La salute mentale del migrante, che può già risentire di esperienze traumatiche legate al percorso migratorio, può addirittura peggiorare, come nel caso della depressione, una volta raggiunto il Paese di destinazione, per via delle cattive condizioni socioeconomiche e dell’isolamento sociale. Il Rapporto sottolinea, infine, come i migranti nei luoghi di lavoro mostrino, tra gli uomini, incidenti più frequenti rispetto ai cittadini residenti, con condizioni di impiego e di accesso alla protezione sociale e sanitaria molto difformi.

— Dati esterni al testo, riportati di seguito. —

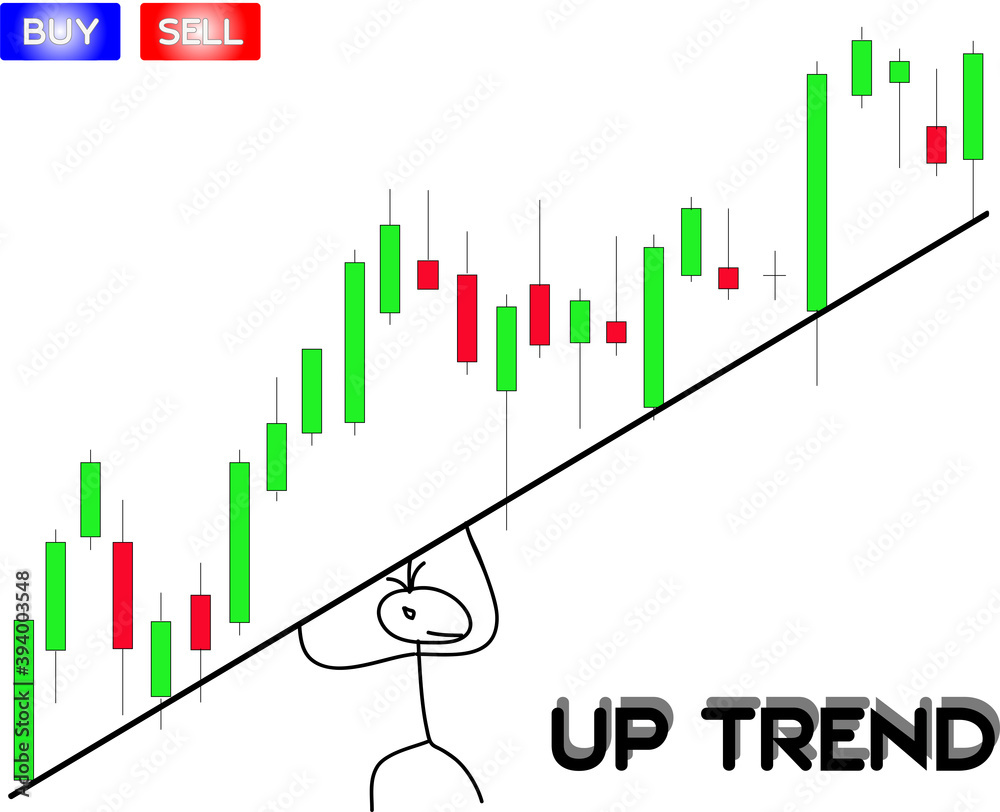 Wall mural data analysis of commodity price patterns to generate probability patterns for trading purposes.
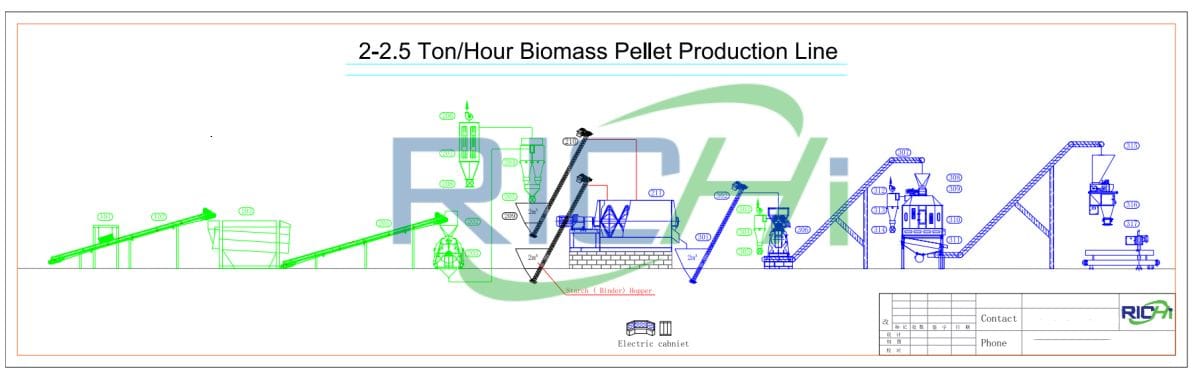 2-2.5tph-wood-pellet-machine-germany-project-flow-chart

“È importante proteggerli – ha aggiunto Piroska Ostlin – dalle malattie e dare loro le cure di cui hanno bisogno. Partendo da questa base scientifica, È possibile eliminare alcuni dei miti che esistono sulla salute dei migranti. Grandi cambiamenti non ci possono essere finché non li includiamo nel nostro sistema e non forniamo loro ciò di cui hanno bisogno. Non basta curarli, ma bisogna mantenerli in salute. Sono convinta – ha concluso – che i sistemi sanitari possano svolgere un ruolo fondamentale nel mantenere in salute queste persone e dare loro assistenza quando si ammalano. Se riusciremo a farlo, i risultati saranno straordinari per tutta la società”.